Aliases: Pennywise, Pennywise the Dancing Clown, Robert Gray, and Bob. Also named IT by the Loser’s Club, a group of seven young outcasts who band together over the course of one terrifying summer to try to defeat the bloodthirsty “clown” known as Pennywise, who has returned to Derry after one of his 27-year-long hibernations, in search of causing terror, creating chaos, and finding some tasty treats in the form of frightened children.
Age: Anywhere between 12,000 years to 2.5 million years old.
First Victims: After landing on earth in prehistoric times, Pennywise went into a long hibernation and first awoke in the 18th Century. Upon awakening, Pennywise went in search of his prey. In order to sustain himself during his next 27-year hibernation, he had to consume human victims and was responsible for the sudden disappearance of 300 settlers in Derry Township.
Favorite Food: Pennywise feeds on fear in human-form, preferably young children.
Hobbies: Wreaking chaos and creating widespread terror when he’s awake, taking 27-30-year long naps after filling up on the local small fries, and hanging out in the sewer.
Special Powers:
- Pennywise is a shapeshifter.
- He can read people’s minds,
- He can combine these first two superpowers together, thereby enabling him to turn himself into the form his prey fears the most.
- He can manipulate people’s minds by making them imagine things that lure them towards him.
- He can create fake smells and sounds to confuse his victims and render them helpless to his attack.
- He can manipulate the weather and has been known to create thunderstorms when an electrical storm can benefit him.
Weaknesses: Pennywise has two weaknesses that can bring down this terrifying monster. Ironically, the two things he fears the most are courage and heart. They are the two things that, together, have proven to bring this terrifying monster to his knees and threaten his very existence.
Arch Enemy: Maturin or the Space Turtle from Stephen King’s Dark Tower series of books.
Pennywise’s M.O.: In the form of Pennywise, IT awakens approximately every 27 years to feast on the children of Derry. He assumes the form of Pennywise the Dancing Clown, because clowns seem to be what many children fear the most, and Pennywise prefers eating the children when they are scared--flavored in the mouthwatering emotion of fear--because fear is what makes them taste better.
Guest Appearances: While Pennywise was originally conceived in Stephen King’s 1986 horror novel, It, this wily character has reared its ugly head in a total of four other King novels: The Tommyknockers (1987), Insomnia (1994), Dreamcatcher (2001), and 11/22/63 (2011).
The Blob’s Stats
The Blob has been laying low, quietly building up quite an appetite under the icy sheet that has temporarily stunted its growth. But now that the Arctic is melting…

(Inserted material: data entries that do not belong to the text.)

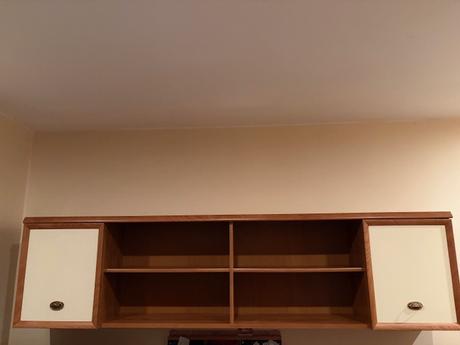 Komoda a závesná skrinka - zachovalý set,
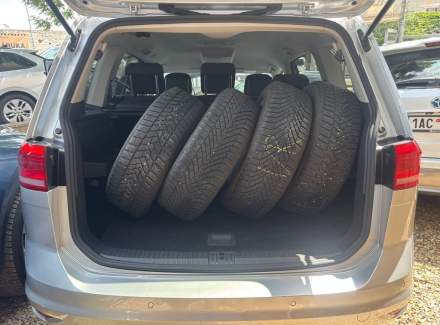 Volkswagen - Touran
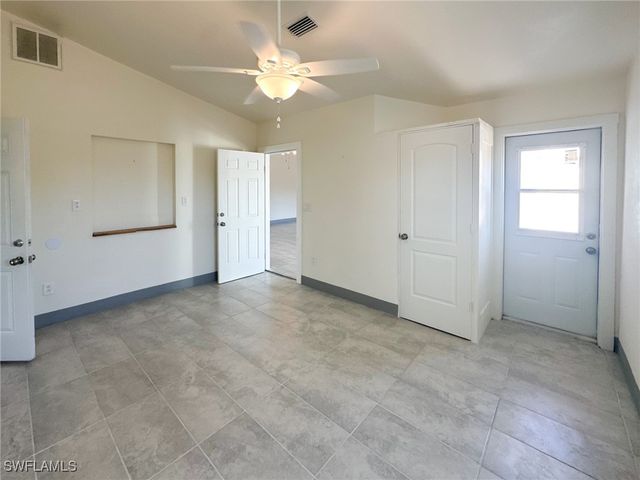 137 Meta ST, Fort Myers, FL 33905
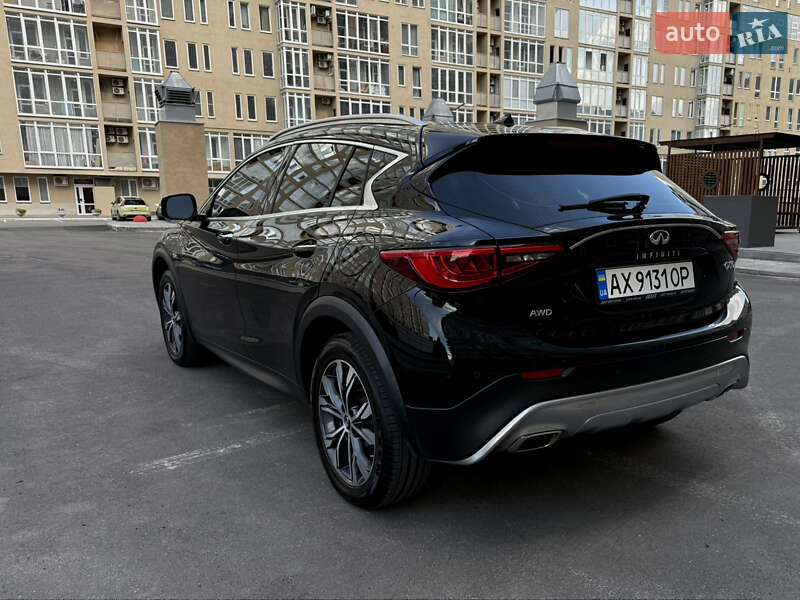 Внедорожник / Кроссовер Infiniti QX30 2016 в Харькове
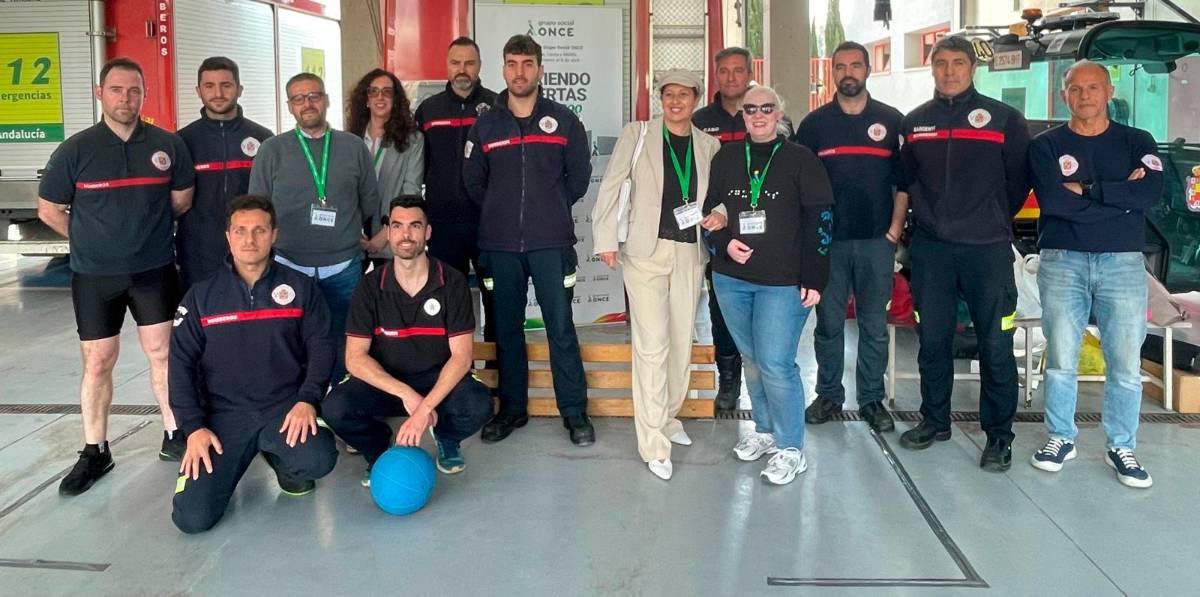 Bomberos de Jaén se unen a la ONCE para promover la inclusión en el deporte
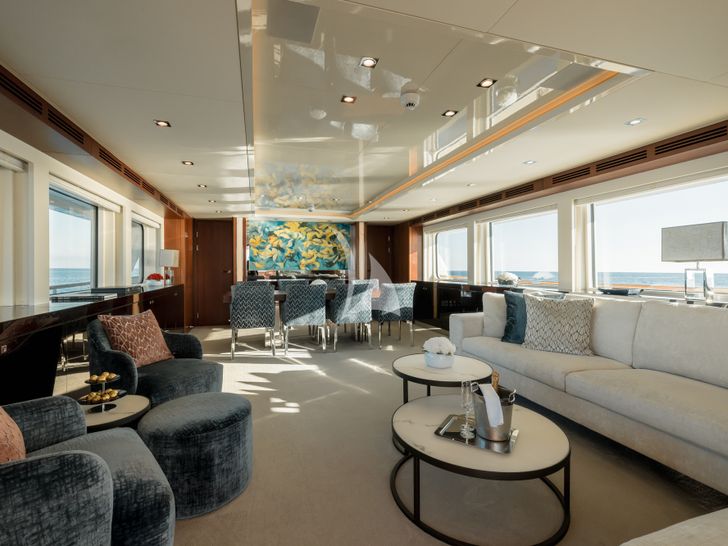 ORIZZONTE Vahali 30m - saloon ORIZZONTE Vahali 30m - saloon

Breakout Performance: To the delight of audience’s everywhere, The Blob first arrived in theaters on September 10, 1958.
Vehicle: Hitching a ride in a small meteorite that streaks across the sky, a tiny red blob crash-lands in the outskirts of a small town in Pennsylvania.

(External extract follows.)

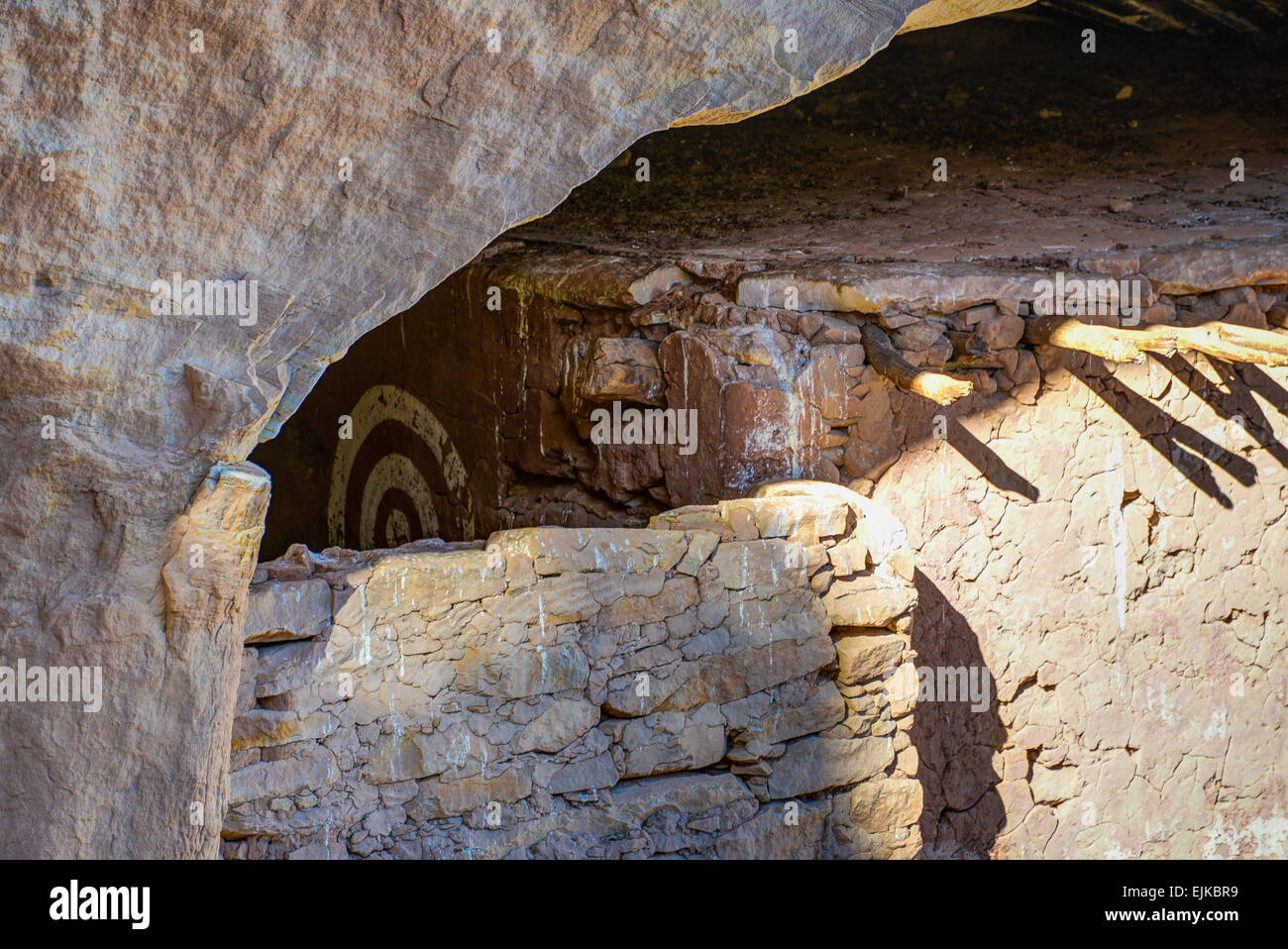Target Anasazi Ruin on Cedar Mesa in Southeastern Utah Stock Photo - Alamy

First Victim: A curious old hermit who prods open the meteorite with a stick and becomes an unwilling host to the small gelatinous globule inside that immediately attaches itself to his hand, causing him to writhe in pain. Unable to scrape off or shake the substance from his hand, the old man runs into the road where local teen Steve (McQueen) and his girlfriend, Jane, come to his rescue. By the time they arrive for help at the country doctor’s home, the jelly-like substance has enveloped the old man’s entire lower arm. Before the doctor can amputate the afflicted limb, the old man is gone–entirely consumed and now a part of the ever-growing gelatinous mass that is aptly called the Blob.

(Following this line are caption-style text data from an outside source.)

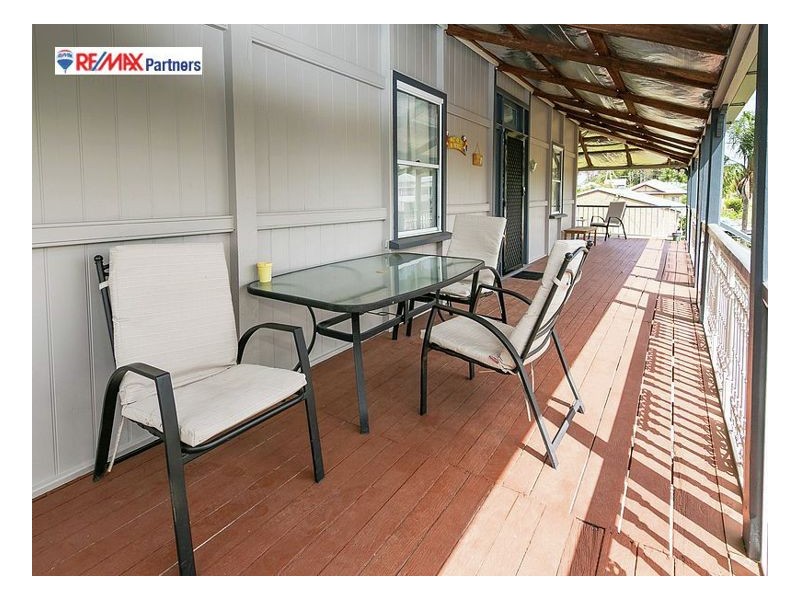 8-10 Whitley St, Howard QLD 4659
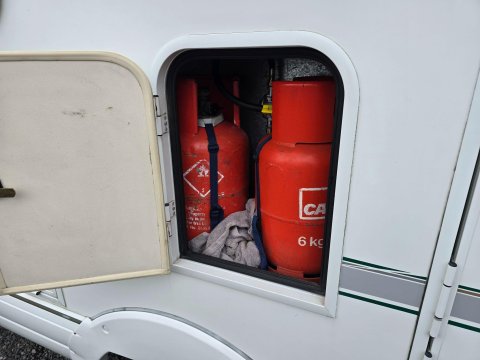 Bessacarr E410 Motor Home 12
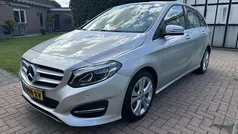 Grijs, metallic lak Gebruikt 2018 Mercedes B200 Prestige MPV | € 19.995 (Eerlijke prijs)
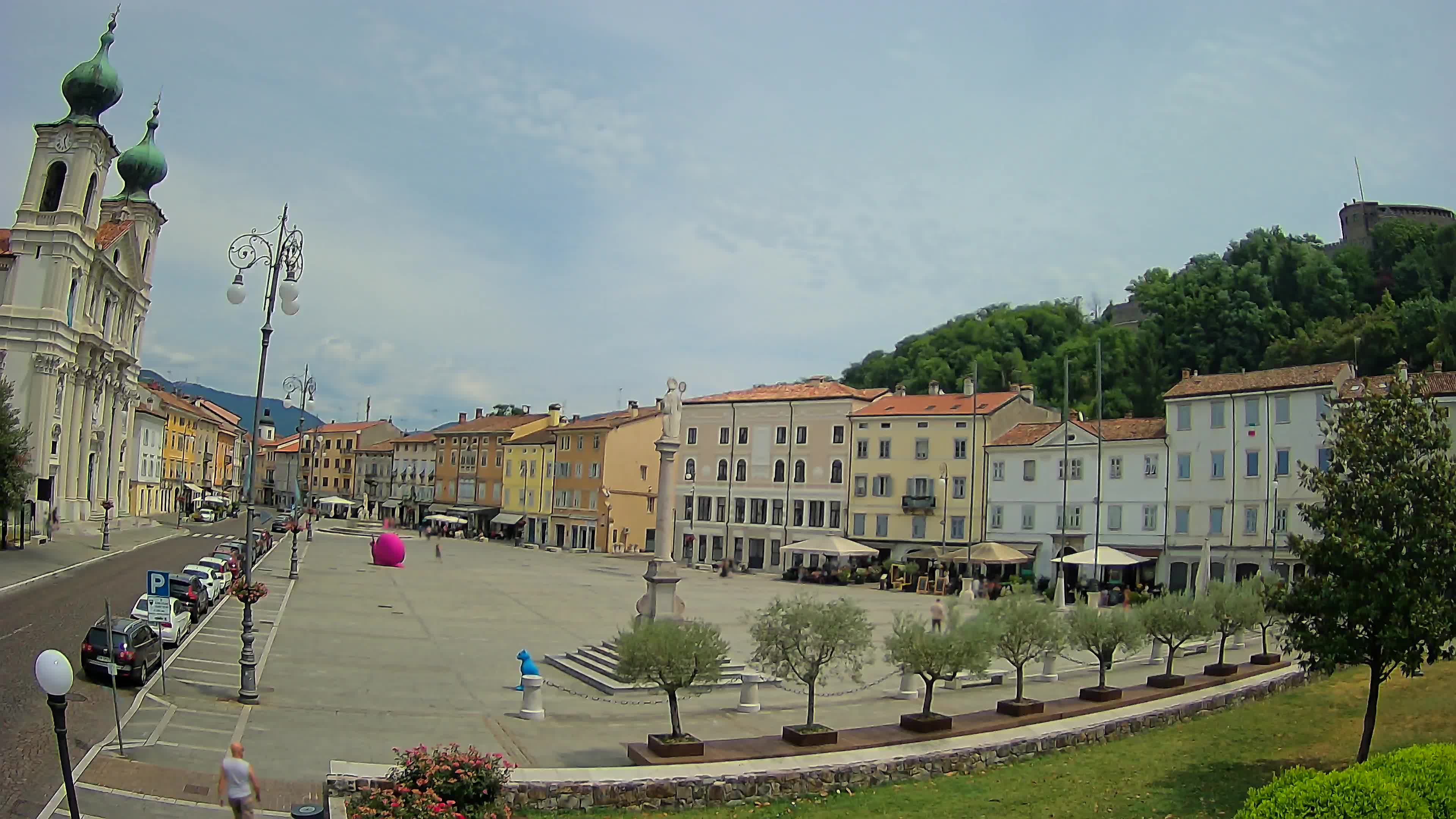 Gorizia – Plaza Vittoria – iglesia de San Pedro. Ignacio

Height and Weight: No one dares get close enough to measure, for fear of adding to the enormous mass measurement that is the Blob. But it’s big enough that it required a helicopter to airlift it to the Arctic.
Appearance: A transparent gelatinous blob; hence, it’s moniker. It grows larger, redder, and more aggressive as it consumes more and more prey. But it has no mouth, no eyes, no stomach, yet it has an internal radar for detecting food. It moves silently, without legs or wings.
The Blob’s M.O.: Food, glorious food. It appears to be an insatiable carnivore. It devours and dissolves people individually or by the hundreds–growing bigger with each tasty morsel.
Special Powers:
(1) It’s devious. It sneaks up on its victims without making a sound and devours them without remorse.
(2) To touch the Blob is to be eaten by the Blob. Once any being comes into contact with any part of the Blob, it’s a goner. The moment it attaches itself to its victim, it immediately feasts upon them, giving no hope of being able to run away.
(3) It’s indestructible. Nothing can stop it. Not guns. Not fire. Not acid. Not even electrocution.
(4) The Blob can heal itself within minutes.
(5) It has no brain, yet it can learn…quickly.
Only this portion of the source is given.